* EXCERPTED DATA
►

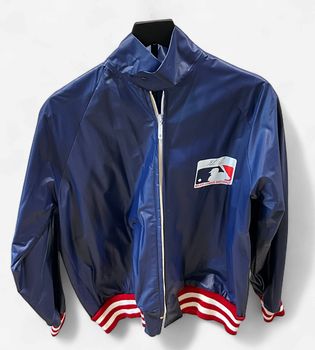 Vintage Nolan Ryan MLB Full Zip Rain jacket Sz M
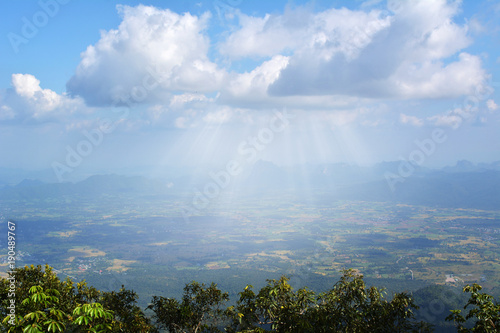 beautiful landscape on top mountain,Phu Kradueng National Park, Loei , Thailand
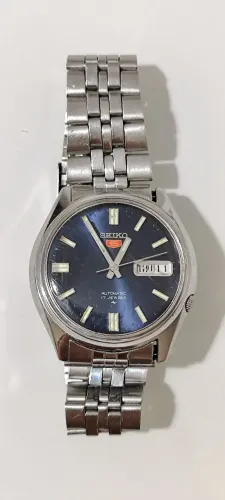 Relógio Seiko 5 Automático * - Mostrador Azul - Anos 80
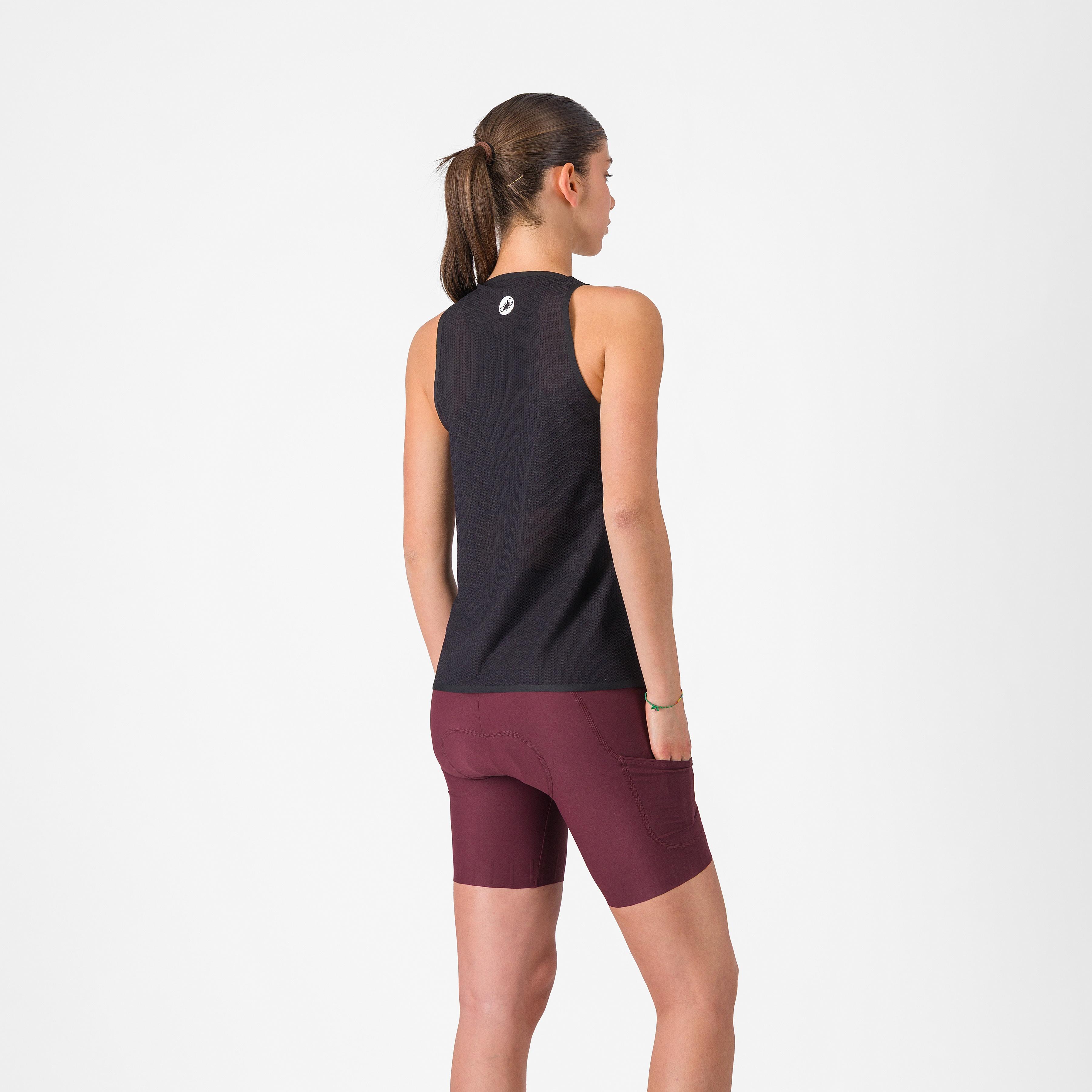 Comfort travel short - deep bordeaux - castelli
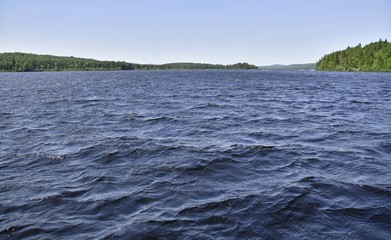 Partie du réservoir Taureau, Québec, Canada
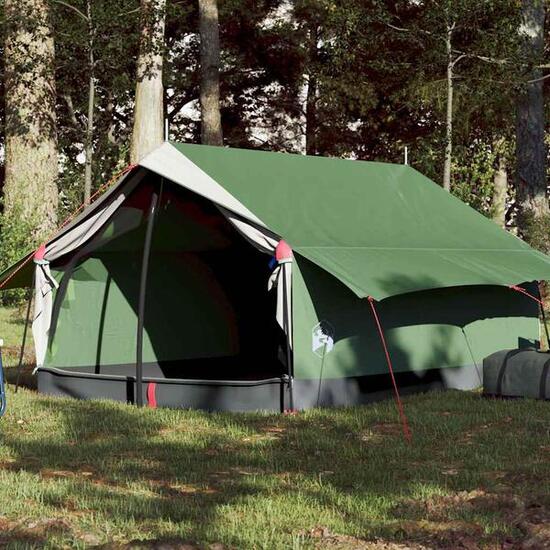 Tente de camping vidaxl imperméable verte légère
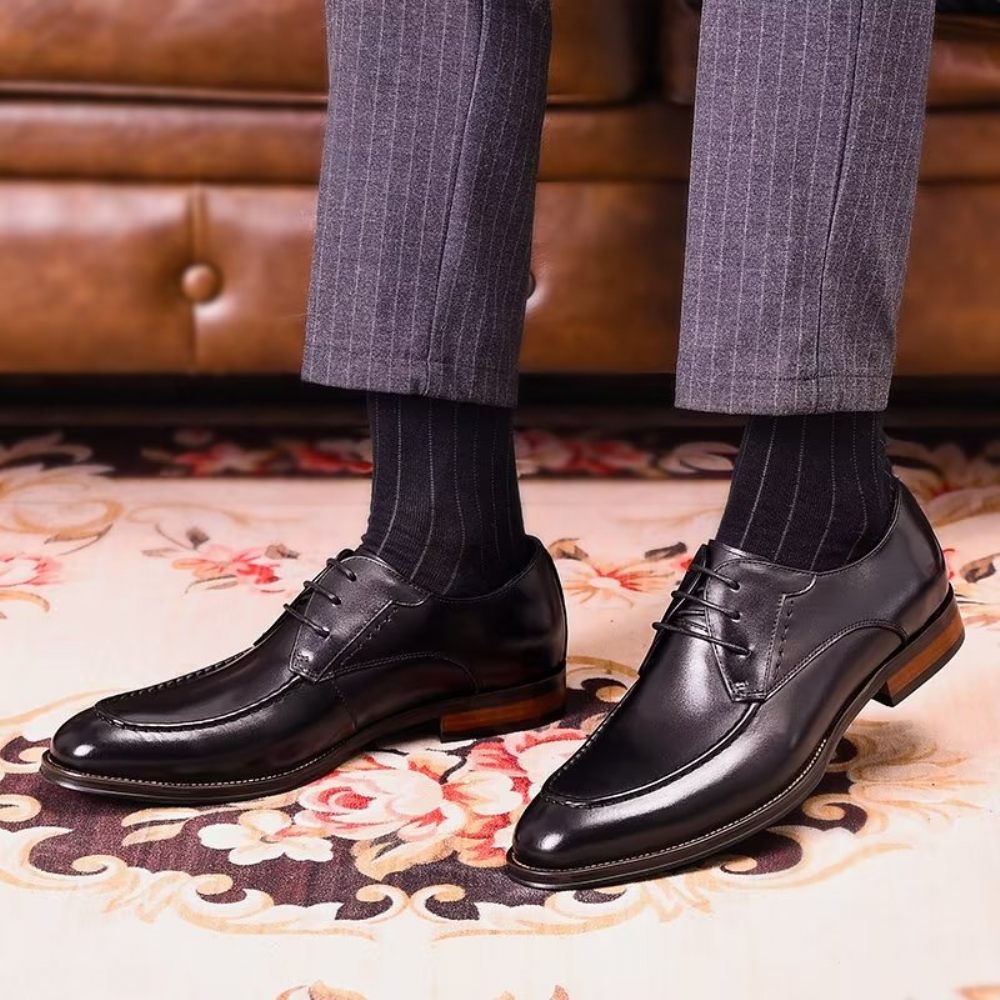 Chaussures Habillées Pour Hommes Derby Élégantes - Noir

◄

Give every entry again verbatim, with no pictures.

* TASK RESULT
 Vintage Nolan Ryan MLB Full Zip Rain jacket Sz M
 beautiful landscape on top mountain,Phu Kradueng National Park, Loei , Thailand
 Relógio Seiko 5 Automático * - Mostrador Azul - Anos 80
 Comfort travel short - deep bordeaux - castelli
 Partie du réservoir Taureau, Québec, Canada
 Tente de camping vidaxl imperméable verte légère
 Chaussures Habillées Pour Hommes Derby Élégantes - Noir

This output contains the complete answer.